* **Material provided**:
---*---
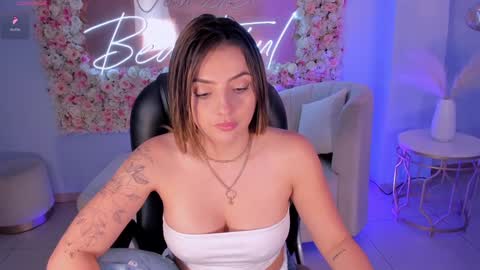 Snapshot of amywoods chatting on January 2025 01:23:02 AM online show from January 2025 01:23:02 AM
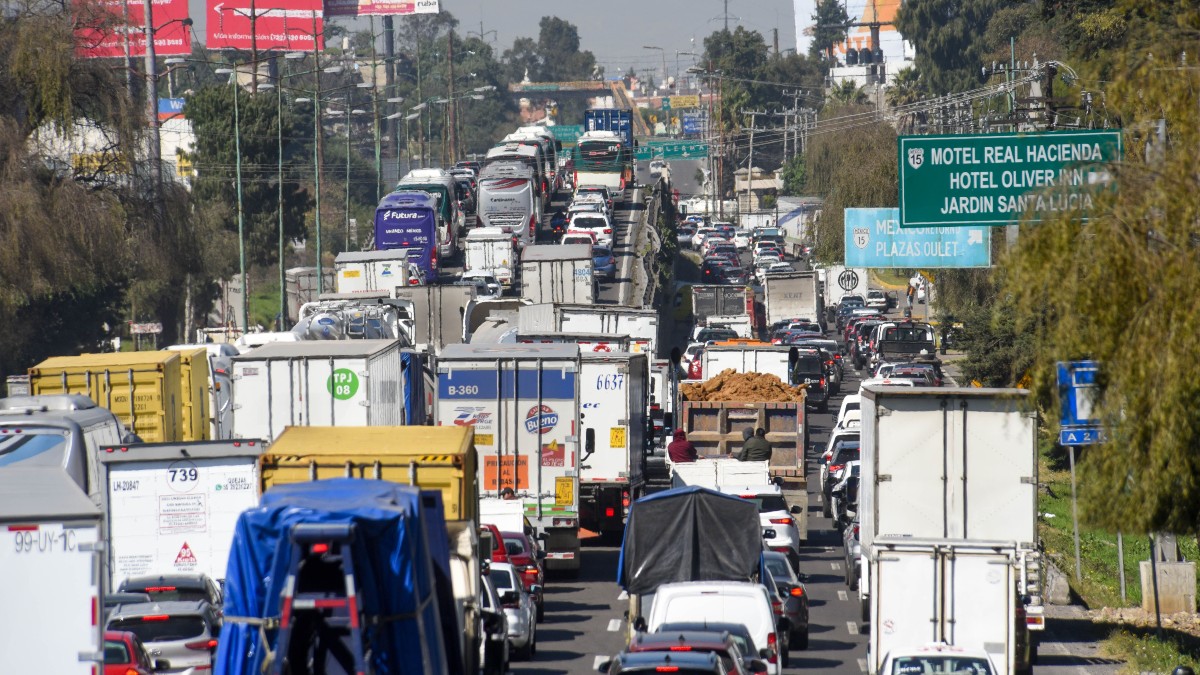 Hoy No Circula en CdMx y Edomex: Autos que Descansan Este Domingo 7 de Diciembre 2025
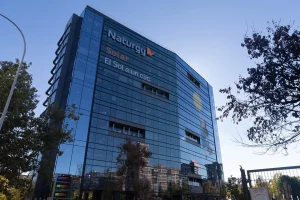 Naturgy cae más de un 4% en Bolsa tras la salida de CVC de su capital y roza el precio de venta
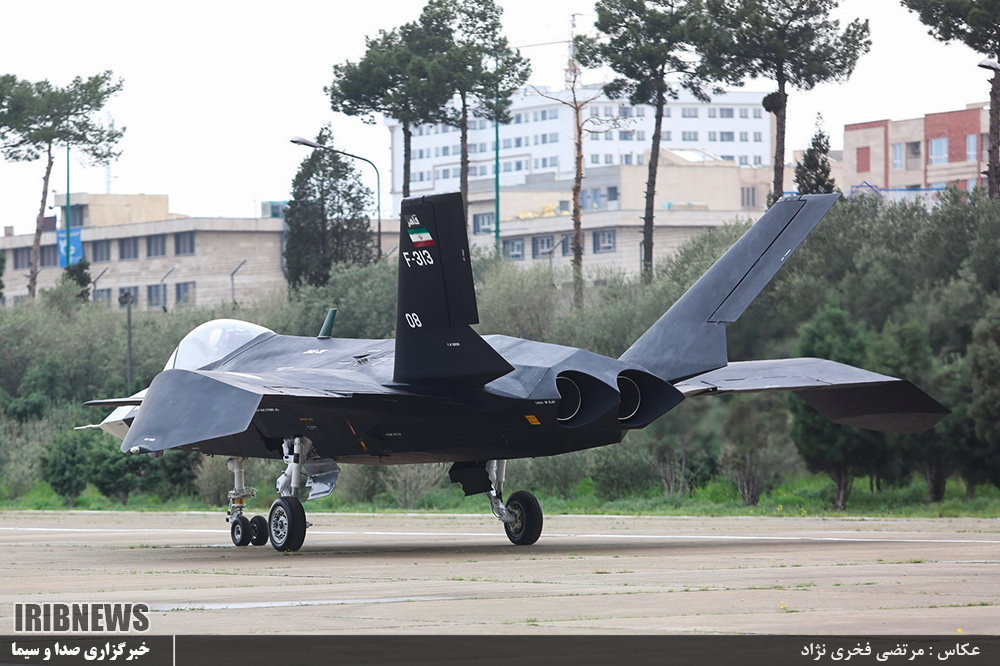 イランのステルス機戦闘機、ガーヘル 313(F-313)初飛行に成功か : ZAPZAP！ 世界の面白いニュース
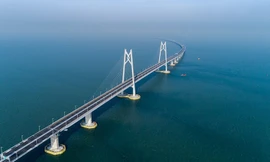 Cầu vượt biển dài nhất thế giới: Chịu được siêu bão, động đất 8 độ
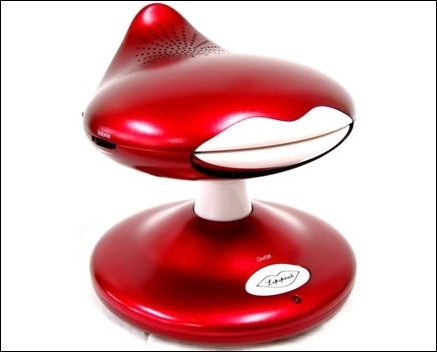 5. Talking Lips: Sản phẩm làm việc như một chiếc loa gắn vào điện thoại trong chế độ nghe-gọi rảnh tay. Tuy nhiên, thiết bị sở hữu cặp môi có thể mấp máy theo giai điệu khi đối phương đang nói chuyện với bạn, khiến mọi thứ trở nên thật hài hước. Nếu dùng sản phẩm để nói chuyện với bạn gái, chắc chắn bạn sẽ thấy thích thú.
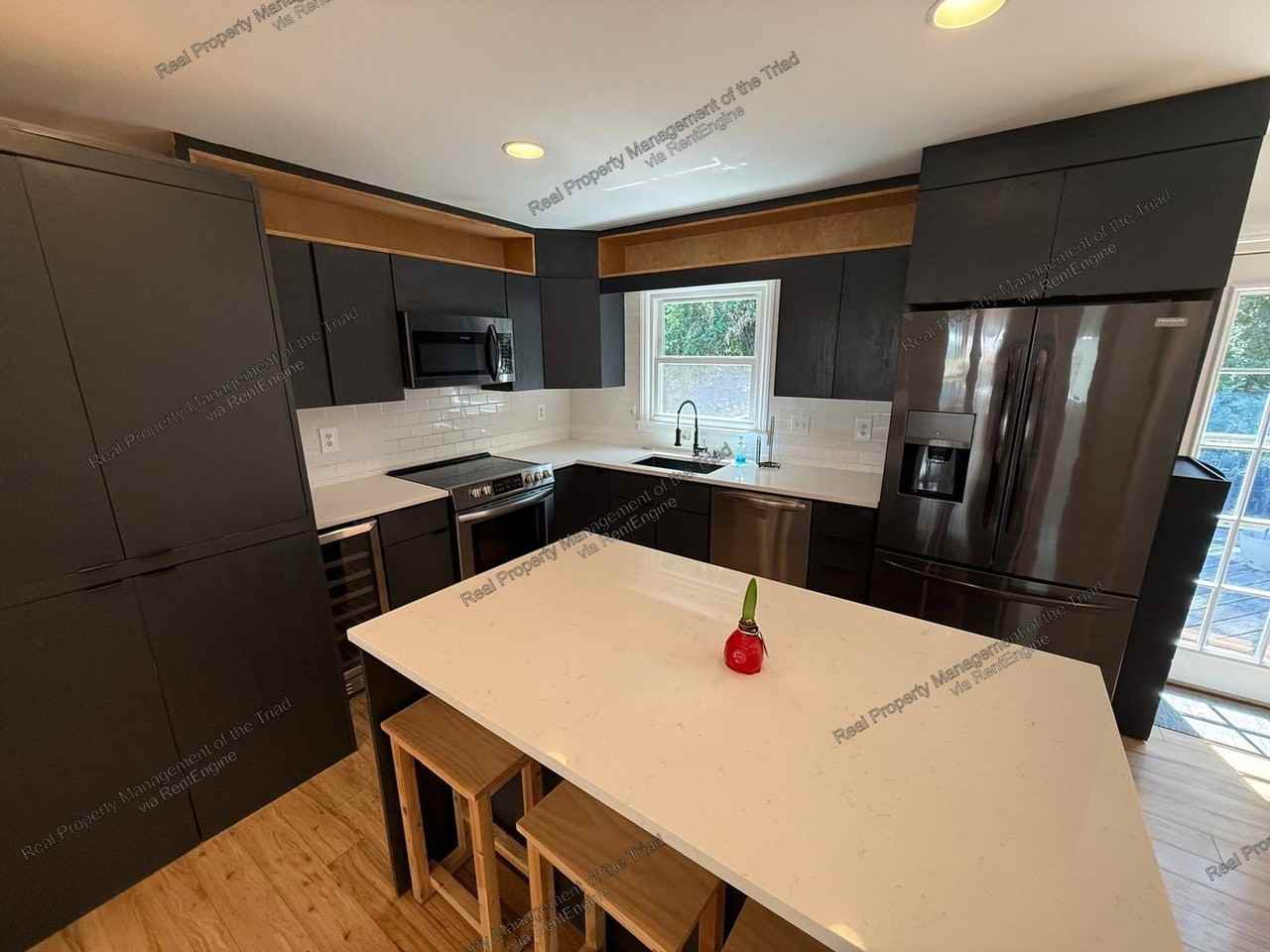 2707 Stratford Dr - Photo 5 of 20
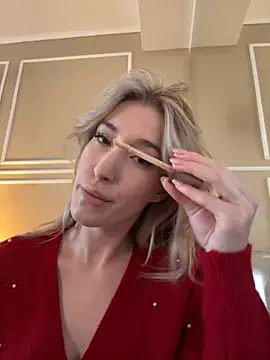 SerenaBennet online show from 11.24.25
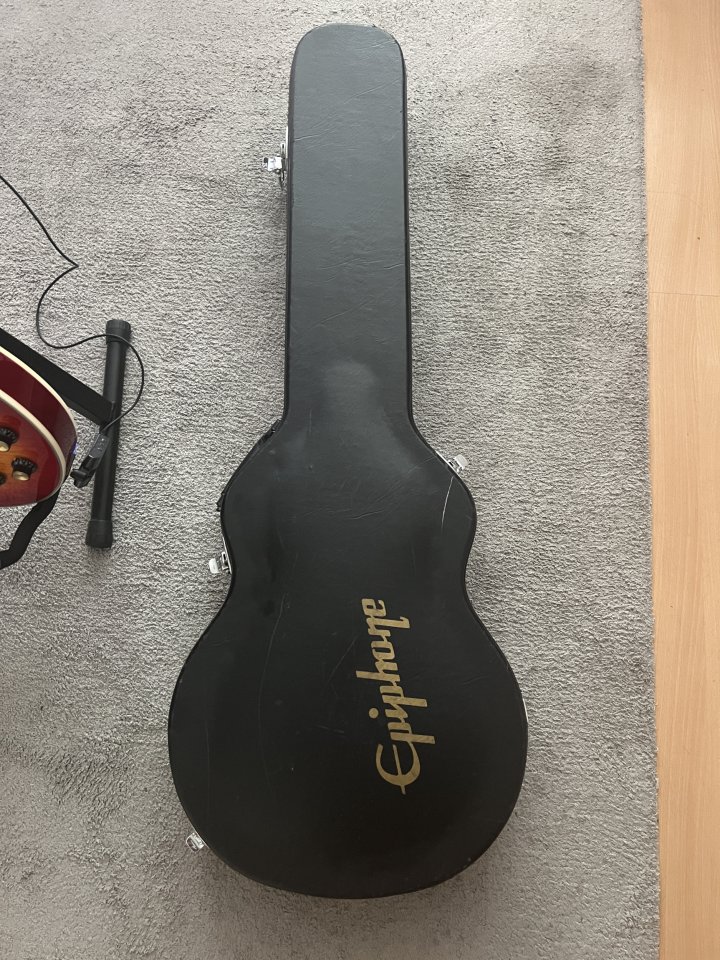 Epiphone Les Paul Custom de segunda mano · Foto 9 de 10 · Madrid · 800 €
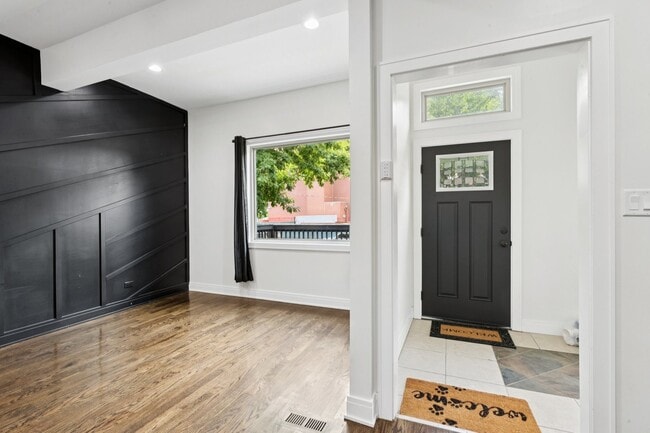 Building Photo - 6547 S Langley Ave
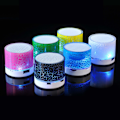 Pikkukuva 2 / 5: Kaiutin - Bluetooth ja LED - Kannettava & Mini green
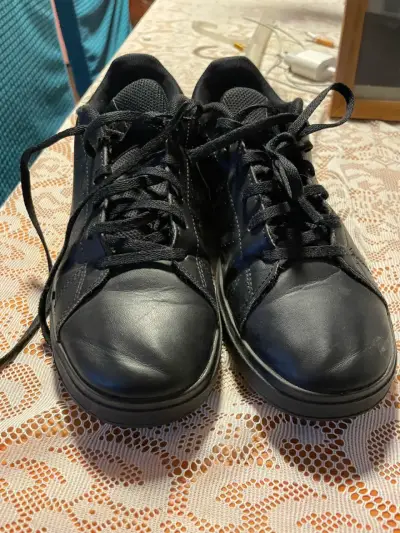 Zapatillas negras Adidas para hombre - miniatura 1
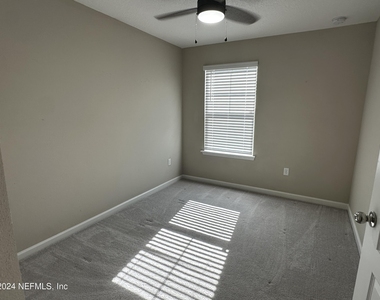 7371 Palm Hills Drive - Photo Thumbnail 47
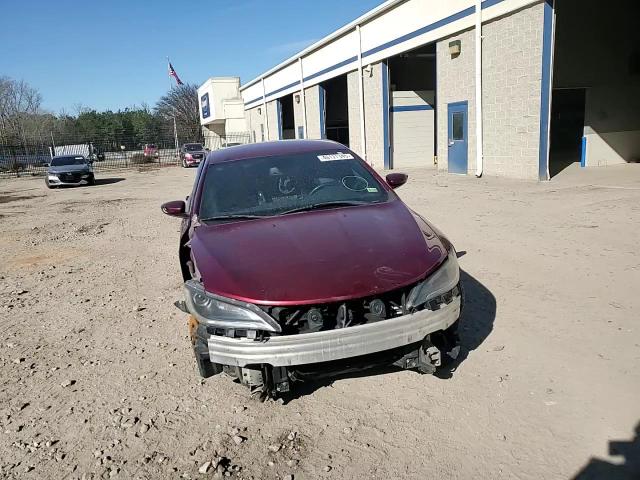 2015 Chrysler 200 - Image 11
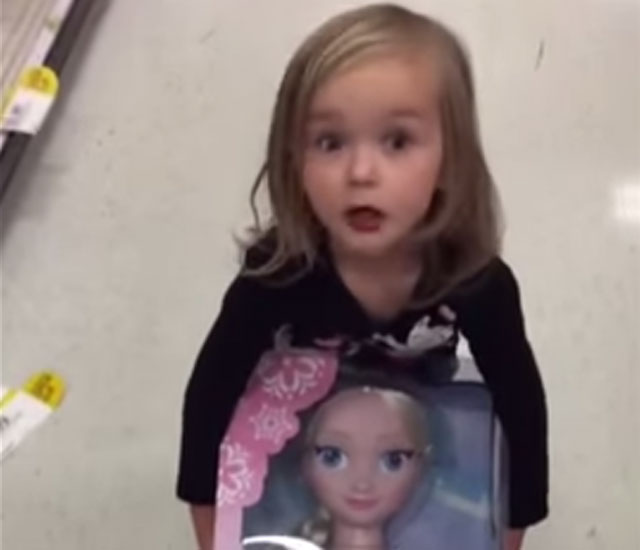 Let Her Go Frozen Fan Tries To Steal Giant Elsa From Shop But Dad Isnt Having Any Of It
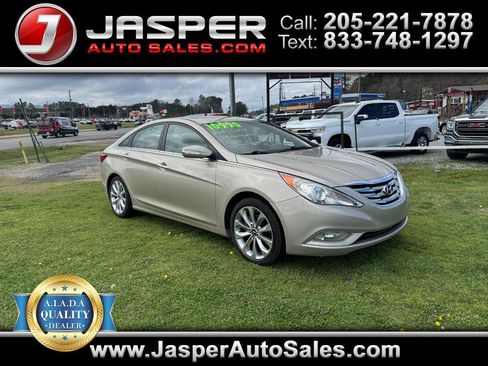 Used 2011 Hyundai Sonata Limited w/ Navigation Pkg 5 FWD image 1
---*---
* **Instructions for the task**:
Exclude the images and output the lines above exactly.

* **Solution**:
 Snapshot of amywoods chatting on January 2025 01:23:02 AM online show from January 2025 01:23:02 AM
 Hoy No Circula en CdMx y Edomex: Autos que Descansan Este Domingo 7 de Diciembre 2025
 Naturgy cae más de un 4% en Bolsa tras la salida de CVC de su capital y roza el precio de venta
 イランのステルス機戦闘機、ガーヘル 313(F-313)初飛行に成功か : ZAPZAP！ 世界の面白いニュース
 Cầu vượt biển dài nhất thế giới: Chịu được siêu bão, động đất 8 độ
 5. Talking Lips: Sản phẩm làm việc như một chiếc loa gắn vào điện thoại trong chế độ nghe-gọi rảnh tay. Tuy nhiên, thiết bị sở hữu cặp môi có thể mấp máy theo giai điệu khi đối phương đang nói chuyện với bạn, khiến mọi thứ trở nên thật hài hước. Nếu dùng sản phẩm để nói chuyện với bạn gái, chắc chắn bạn sẽ thấy thích thú.
 2707 Stratford Dr - Photo 5 of 20
 SerenaBennet online show from 11.24.25
 Epiphone Les Paul Custom de segunda mano · Foto 9 de 10 · Madrid · 800 €
 Building Photo - 6547 S Langley Ave
 Pikkukuva 2 / 5: Kaiutin - Bluetooth ja LED - Kannettava & Mini green
 Zapatillas negras Adidas para hombre - miniatura 1
 7371 Palm Hills Drive - Photo Thumbnail 47
 2015 Chrysler 200 - Image 11
 Let Her Go Frozen Fan Tries To Steal Giant Elsa From Shop But Dad Isnt Having Any Of It
 Used 2011 Hyundai Sonata Limited w/ Navigation Pkg 5 FWD image 1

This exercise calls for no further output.